Heather Dewey-Hagborg,  T3511 , 2018, film still, 9:04 min. (Heather Dewey-Hagborg and Toshiaki Ozawa)

Heather Dewey-Hagborg, T3511, 2018, film still, 9:04 min. (Heather Dewey-Hagborg and Toshiaki Ozawa)

6:30 p.m.
Broad Art Center at UCLA

“To break a cell is to trespass the most intimate of spaces.”
-- Heather Dewey-Hagborg,

and UCLA Art|Sci Center invite you to join us for “Dear Donor,” a manifold consideration of the intimacies to be revealed in genomic data.

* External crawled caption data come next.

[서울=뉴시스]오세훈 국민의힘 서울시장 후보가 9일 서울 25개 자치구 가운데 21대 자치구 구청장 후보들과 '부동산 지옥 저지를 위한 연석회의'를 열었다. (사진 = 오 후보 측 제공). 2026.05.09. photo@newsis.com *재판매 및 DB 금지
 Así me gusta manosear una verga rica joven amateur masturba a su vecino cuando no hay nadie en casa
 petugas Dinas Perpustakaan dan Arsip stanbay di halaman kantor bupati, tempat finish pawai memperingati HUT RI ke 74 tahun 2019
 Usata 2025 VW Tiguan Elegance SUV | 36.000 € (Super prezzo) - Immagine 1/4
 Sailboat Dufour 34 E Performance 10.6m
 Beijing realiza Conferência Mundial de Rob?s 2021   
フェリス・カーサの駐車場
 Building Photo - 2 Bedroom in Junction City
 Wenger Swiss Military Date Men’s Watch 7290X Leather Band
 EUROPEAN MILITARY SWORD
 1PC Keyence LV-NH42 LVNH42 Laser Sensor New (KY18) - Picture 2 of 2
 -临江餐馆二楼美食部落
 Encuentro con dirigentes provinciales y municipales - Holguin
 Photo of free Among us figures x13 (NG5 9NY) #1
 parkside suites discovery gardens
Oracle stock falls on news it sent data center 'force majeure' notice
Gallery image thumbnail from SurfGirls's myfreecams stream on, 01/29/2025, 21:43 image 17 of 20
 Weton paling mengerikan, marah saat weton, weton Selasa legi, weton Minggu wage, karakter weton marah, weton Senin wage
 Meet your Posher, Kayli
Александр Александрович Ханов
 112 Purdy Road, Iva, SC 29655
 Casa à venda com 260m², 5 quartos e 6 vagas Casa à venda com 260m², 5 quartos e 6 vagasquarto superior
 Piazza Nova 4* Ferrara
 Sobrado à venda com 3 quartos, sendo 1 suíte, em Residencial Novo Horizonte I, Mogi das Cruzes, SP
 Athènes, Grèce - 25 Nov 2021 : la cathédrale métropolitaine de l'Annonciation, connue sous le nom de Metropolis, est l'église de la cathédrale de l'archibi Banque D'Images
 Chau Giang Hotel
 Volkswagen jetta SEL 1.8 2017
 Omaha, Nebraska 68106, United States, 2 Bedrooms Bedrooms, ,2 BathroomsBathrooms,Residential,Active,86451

Artist Heather Dewey-Hagborg will screen a single-channel version of her short film T3511 (2018, 9:04 min.), a “post-genomic love story” that follows a biohacker’s increasingly obsessive interactions with an anonymous saliva donor. The work had its premiere as a four-channel installation at MU Artspace, in Eindhoven, in May 2018.

Then the artist will be joined in conversation by bio-engineer Sri Kosuri, whose lab develops technologies for editing DNA; and science historian Soraya de Chadarevian, who studies the material and visual practices of the biomedical sciences. Possible points of discussion: citizen sleuthing; the rise of consumer genomics; chromosomes, as viewed through a microscope.

The event takes place at 6:30 p.m. Friday, Nov. 16, 2018, at the Experimental Digital Arts space at the Broad Art Center at UCLA (240 Charles E. Young Drive North). It is free and open to the public.

For more information, visit the event page here

Fathomers thanks the Andy Warhol Foundation for Visual Art for its 2018-2019 program support. 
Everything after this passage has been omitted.